Omit the pictures and retype only the lines from the one containing "JCC a Leviton Company JC39201SS" through the end of the listing, both ends included.

(TASK MATERIAL)

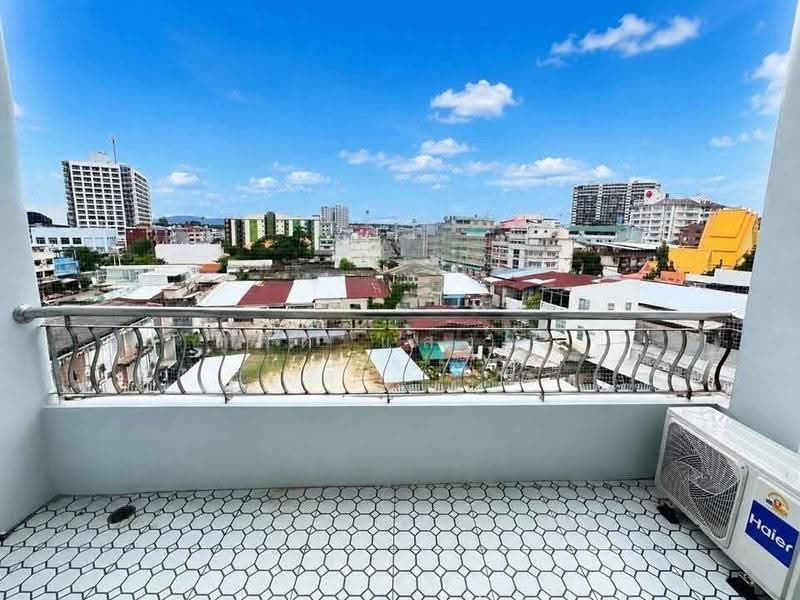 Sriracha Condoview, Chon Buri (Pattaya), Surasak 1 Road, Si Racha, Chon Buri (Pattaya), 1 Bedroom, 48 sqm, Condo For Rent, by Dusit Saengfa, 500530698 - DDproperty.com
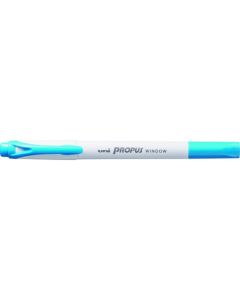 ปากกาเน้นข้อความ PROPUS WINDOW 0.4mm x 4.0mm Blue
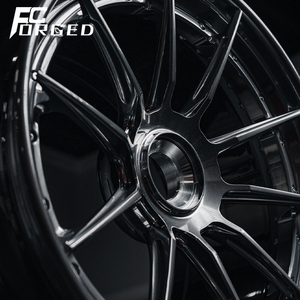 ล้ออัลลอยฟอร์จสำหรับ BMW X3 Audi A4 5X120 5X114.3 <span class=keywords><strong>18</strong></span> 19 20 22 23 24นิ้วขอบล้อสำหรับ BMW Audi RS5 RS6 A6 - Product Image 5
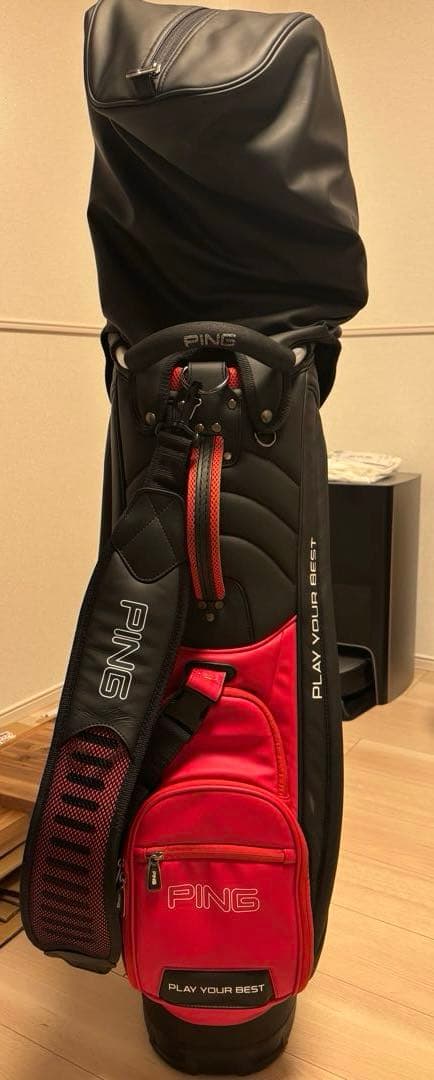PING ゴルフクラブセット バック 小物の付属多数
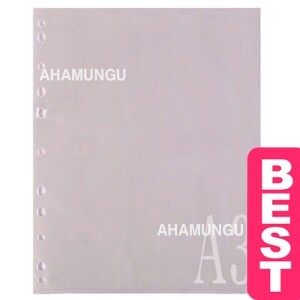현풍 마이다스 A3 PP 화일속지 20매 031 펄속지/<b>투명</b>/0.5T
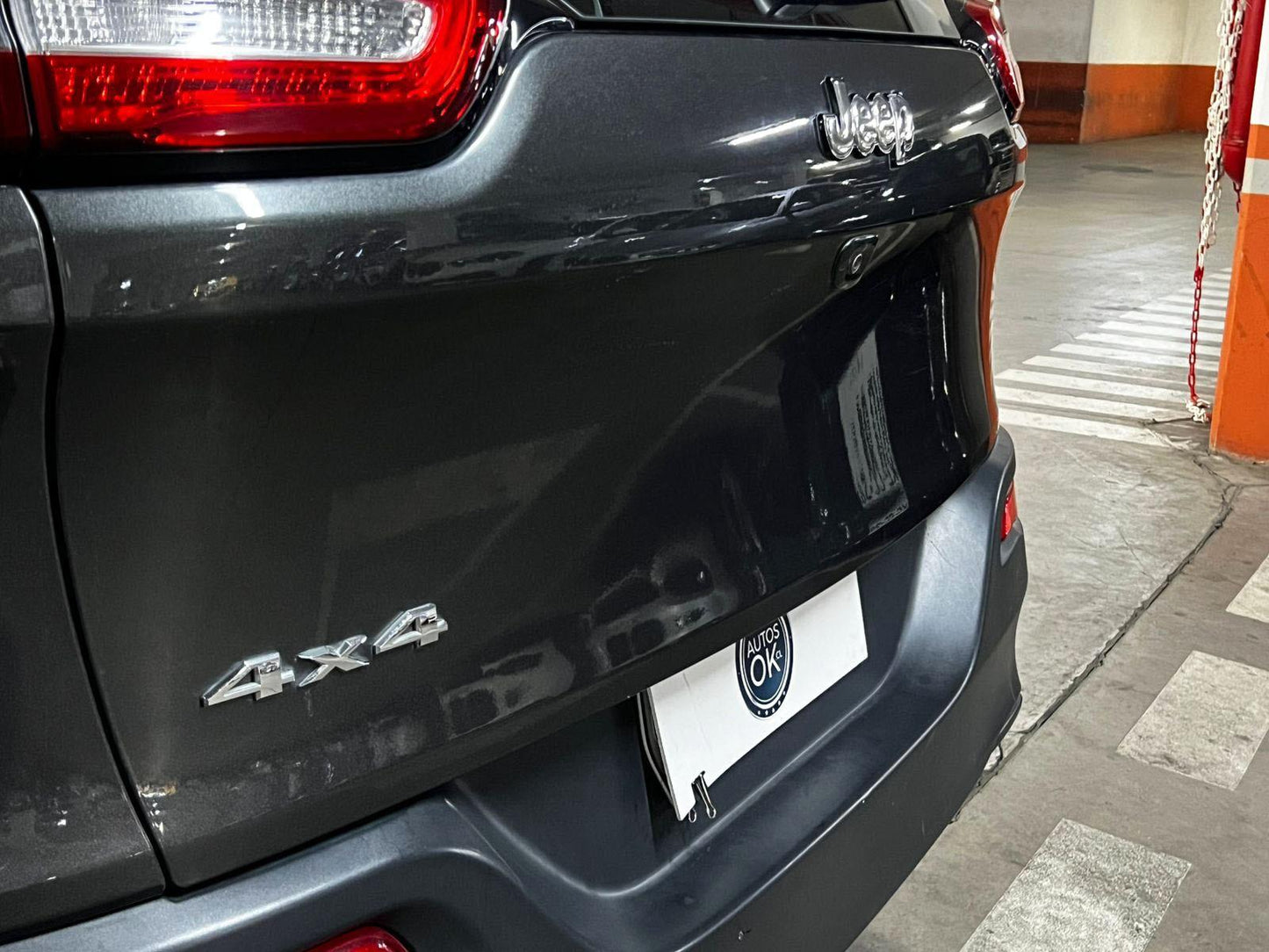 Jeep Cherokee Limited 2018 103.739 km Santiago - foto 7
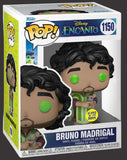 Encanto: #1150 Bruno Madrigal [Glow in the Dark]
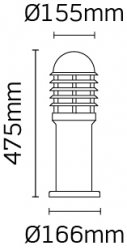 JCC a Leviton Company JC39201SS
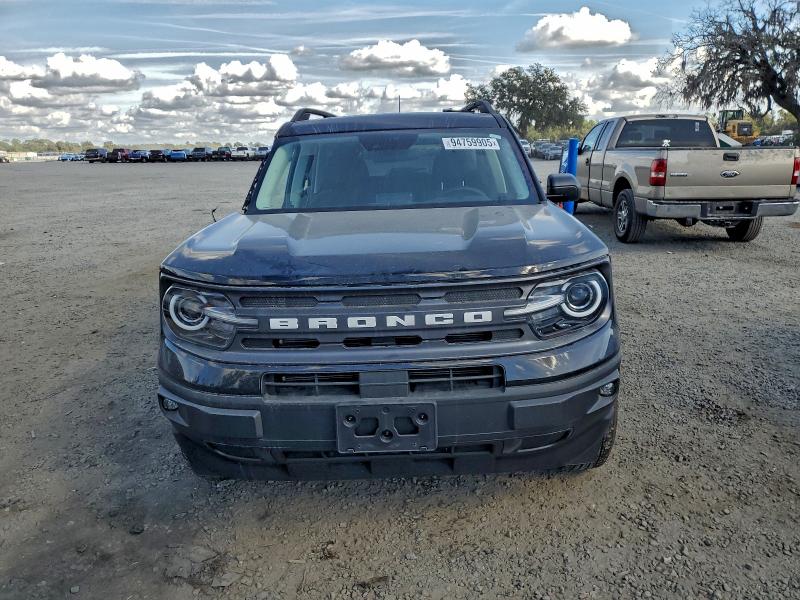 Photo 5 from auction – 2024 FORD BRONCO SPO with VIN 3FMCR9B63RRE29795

(End TASK MATERIAL)

- _THE COMPLETED TASK_:
 JCC a Leviton Company JC39201SS
 Photo 5 from auction – 2024 FORD BRONCO SPO with VIN 3FMCR9B63RRE29795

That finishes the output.